The Olympus vpyc compiler allows the integration of C within vPython programs. This is achieved though a set of native keywords as shown in the following Open MPI example:

native include(math)
native include(mpi)

def f(a):
     return (4.0 / (1.0 + a * a))

# MPI constants
MPI_COMM_WORLD = native const(MPI_COMM_WORLD)
MPI_SUM = native const(MPI_SUM)
# Use floats not doubles on 32 bit platforms
element = 0.0
if native(->int) sizeof(element) == 4:
 ELEMENT_SIZE = native const(MPI_FLOAT)
else:
 ELEMENT_SIZE = native const(MPI_DOUBLE)

NINTERVALS = 10000
argc = 0
argv = [ "mpipi" ]

myid = 0
numprocs = 0
i = 0

PI25DT = 3.141592653589793238462643
mypi = 0.0
pi = 0.0
h = 0.0
sum = 0.0
x = 0.0
startwtime = 0.0
endwtime = 0.0

native MPI_Init(&argc, &argv)
native MPI_Comm_size(MPI_COMM_WORLD, &numprocs)
native MPI_Comm_rank(MPI_COMM_WORLD, &myid)

startwtime = native(->float) MPI_Wtime()

h = 1.0 / NINTERVALS
sum = 0.0

i = myid + 1
while (i <= NINTERVALS):
    x = h * (i - 0.5)
    sum += f(x)
    i += numprocs

mypi = h * sum

native MPI_Reduce(&mypi, &pi, 1, ELEMENT_SIZE, MPI_SUM, 0, MPI_COMM_WORLD)

if (myid == 0):
    print("")
    native printf("pi is approximately %.16f, Error is %.16f\n", pi, native(->float) fabs(pi - PI25DT))
    endwtime = native(->float) MPI_Wtime()
    print("numprocs:", numprocs, " wall clock time = ", endwtime - startwtime, "\n")

native MPI_Finalize()

The vPython native keyword calls C functions with the ability to inform vpyc of the function’s return type e.g. native(->float) indicates that the following C function returns a float (real) value. The default return value is int, in line with standard C. The native const() option allows the value of C constants and variables to be returned to the vPython program. Again, the default type is int but this can be overridden as required e.g. native const(CLOCKS_PER_SEC)->float.

The C integration also provides the & operator, similar to the Python id() function, that returns a reference to a vPython object. This allows vPython values to be updated by C frameworks, as shown for pi in the MPI example above.

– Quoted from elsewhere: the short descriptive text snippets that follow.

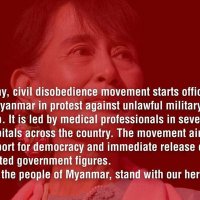 Save Myanmar From Apocalypse (@aungmawkon2) 's Twitter Profile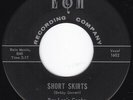 Wild R&B Frat Rockabilly BOBBY GARRETT & ROY LEE'S COMBO Short Skirts 45 HEAR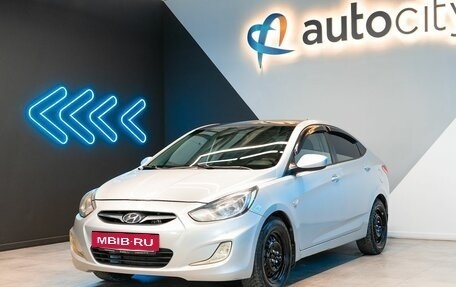 Hyundai Solaris II рестайлинг, 2011 год, 674 000 рублей, 15 фотография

As the C compiler requires access to the relevant libary include files, vPython provides the native include() option to pass through file references.

NOTE: The native include() option takes the include file base name e.g. math for math.h.

vPython also provides nascent support for compiler pragmas through the native pragma '' option to control compiler code generation and warning options.

NOTE: This functionality is primarily for internal use within vPython modules and has only been extensively tested with GCC.

  1. With additional information used by the Olympus vPython compiler.